On a separate but related note? Corrections facilities in Texas are acquiring cable television subscriptions due to the currently obsolete analog television. But not at the taxpayer's expense. The cable bill is paid for out of the commissary. I'll post a link to the original story later on.



reply posted on 23-12-2008 @ 01:05 AM by Dreemer
reply to post by Marked One



"Because liberals would rather have it their way and carelessly allow inmates to sit on their asses all day long and simply eat, sleep, sh*t, whip up prison hooch, and wrangle their tally-whackers all day."

Der Fuhrer Has spoken!


reply posted on 23-12-2008 @ 03:02 AM by Marked One
Originally posted by Dreemer
reply to
post by Marked One



"Because liberals would rather have it their way and carelessly allow inmates to sit on their asses all day long and simply eat, sleep, sh*t, whip up prison hooch, and wrangle their tally-whackers all day."

Der Fuhrer Has spoken!


Oh please! Spare me!

You want to call me a Nazi or whatever? Go right ahead. I really don't care. It's not hurting me. If anything it I got a good laugh out of it. As it only makes you look retarded. (I said "LOOK" retarded. Not "YOU ARE RETARDED IN EVERY WAY SHAPE AND FORM!")
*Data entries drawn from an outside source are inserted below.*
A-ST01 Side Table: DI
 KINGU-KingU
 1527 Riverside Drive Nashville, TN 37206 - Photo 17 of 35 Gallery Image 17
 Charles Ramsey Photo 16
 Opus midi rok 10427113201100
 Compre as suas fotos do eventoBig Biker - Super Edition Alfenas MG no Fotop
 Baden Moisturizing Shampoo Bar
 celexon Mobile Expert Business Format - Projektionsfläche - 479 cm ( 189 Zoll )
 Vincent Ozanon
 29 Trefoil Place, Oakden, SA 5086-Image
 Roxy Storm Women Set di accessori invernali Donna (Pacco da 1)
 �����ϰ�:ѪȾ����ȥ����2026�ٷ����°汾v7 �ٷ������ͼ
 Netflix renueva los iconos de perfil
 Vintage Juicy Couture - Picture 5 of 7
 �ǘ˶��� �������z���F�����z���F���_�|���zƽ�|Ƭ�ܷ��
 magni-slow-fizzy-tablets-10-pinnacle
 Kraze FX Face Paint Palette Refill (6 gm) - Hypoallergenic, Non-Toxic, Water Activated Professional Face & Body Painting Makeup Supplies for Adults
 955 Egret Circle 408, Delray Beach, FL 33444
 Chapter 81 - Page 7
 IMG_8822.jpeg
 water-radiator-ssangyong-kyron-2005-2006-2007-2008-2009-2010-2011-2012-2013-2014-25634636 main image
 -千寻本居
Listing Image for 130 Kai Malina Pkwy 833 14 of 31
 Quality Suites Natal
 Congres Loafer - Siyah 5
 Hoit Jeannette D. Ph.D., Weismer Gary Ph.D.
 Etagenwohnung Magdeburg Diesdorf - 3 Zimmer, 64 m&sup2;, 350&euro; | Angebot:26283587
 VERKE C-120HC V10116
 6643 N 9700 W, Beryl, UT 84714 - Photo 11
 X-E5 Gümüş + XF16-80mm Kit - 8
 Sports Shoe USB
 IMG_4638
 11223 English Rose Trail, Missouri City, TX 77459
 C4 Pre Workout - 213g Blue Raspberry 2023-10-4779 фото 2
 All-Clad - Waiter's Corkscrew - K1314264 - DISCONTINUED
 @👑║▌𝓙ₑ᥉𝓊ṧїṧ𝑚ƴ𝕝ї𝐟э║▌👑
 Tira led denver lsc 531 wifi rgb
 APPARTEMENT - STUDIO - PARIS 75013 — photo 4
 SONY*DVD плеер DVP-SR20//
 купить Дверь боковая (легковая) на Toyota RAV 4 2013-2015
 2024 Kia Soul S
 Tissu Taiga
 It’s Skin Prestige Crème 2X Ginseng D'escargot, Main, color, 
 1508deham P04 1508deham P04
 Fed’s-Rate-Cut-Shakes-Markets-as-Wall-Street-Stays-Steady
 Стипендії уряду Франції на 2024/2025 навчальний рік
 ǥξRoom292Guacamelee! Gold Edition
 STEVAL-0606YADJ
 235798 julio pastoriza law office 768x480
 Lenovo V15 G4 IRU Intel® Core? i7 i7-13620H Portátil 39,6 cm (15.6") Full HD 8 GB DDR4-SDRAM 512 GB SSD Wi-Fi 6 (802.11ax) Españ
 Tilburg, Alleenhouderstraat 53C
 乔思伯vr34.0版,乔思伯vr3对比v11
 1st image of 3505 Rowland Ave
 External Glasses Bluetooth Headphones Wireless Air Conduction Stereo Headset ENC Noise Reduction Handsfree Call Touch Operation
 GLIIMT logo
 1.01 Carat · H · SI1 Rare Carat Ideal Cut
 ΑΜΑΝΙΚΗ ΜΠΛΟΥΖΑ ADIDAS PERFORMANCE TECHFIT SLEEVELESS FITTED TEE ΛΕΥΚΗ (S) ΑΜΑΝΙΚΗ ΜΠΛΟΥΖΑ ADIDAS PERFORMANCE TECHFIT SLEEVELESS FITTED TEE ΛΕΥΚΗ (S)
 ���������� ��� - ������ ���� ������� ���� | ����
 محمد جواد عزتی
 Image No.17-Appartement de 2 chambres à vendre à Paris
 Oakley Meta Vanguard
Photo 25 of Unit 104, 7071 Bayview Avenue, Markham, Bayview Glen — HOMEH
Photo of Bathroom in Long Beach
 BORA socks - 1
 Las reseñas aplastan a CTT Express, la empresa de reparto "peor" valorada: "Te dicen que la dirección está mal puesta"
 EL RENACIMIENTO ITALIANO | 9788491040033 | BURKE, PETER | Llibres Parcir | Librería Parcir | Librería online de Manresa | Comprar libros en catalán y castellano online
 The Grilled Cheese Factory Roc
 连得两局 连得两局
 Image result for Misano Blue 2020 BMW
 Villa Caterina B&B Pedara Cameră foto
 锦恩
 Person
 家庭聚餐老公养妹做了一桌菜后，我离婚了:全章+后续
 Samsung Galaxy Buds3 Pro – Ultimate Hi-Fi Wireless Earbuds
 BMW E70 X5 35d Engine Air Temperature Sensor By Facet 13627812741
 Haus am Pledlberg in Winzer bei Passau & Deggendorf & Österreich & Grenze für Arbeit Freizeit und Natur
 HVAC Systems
You do have a right to your opinion just as much as I have the right to use sentences with words like "liberal" and "tally-whacker" .

Notice that I only said "liberals". I didn't say "liberals like 'dreemer' and 'so and so' plus 'Tom, Dick, and Harry". (Although it may seem as if that is what I was implying. But you believe whatever you wish.)

But if you believe in constitutional rights. You also believe in freedom of speech. And I am entitled to freedom of speech just as much as you are. No matter how retarded our opinions may seem to some individuals or how much we disagree with each other.

Although the right to freedom of speech doesn't exactly apply to two people discussing educational matters over an electronic forum on the world-wide-web. As this forum is being viewed by countless individuals throughout the globe.

I will overlook that matter. Our right to freedom of speech isn't violated until one of us commits an act of violence or any kind of extreme aggression (ie: senseless flaming) against each other over simple opinion. Which defeats the purpose of discussing the subject in question mind you. And by no means are we anywhere close to crossing that boundary.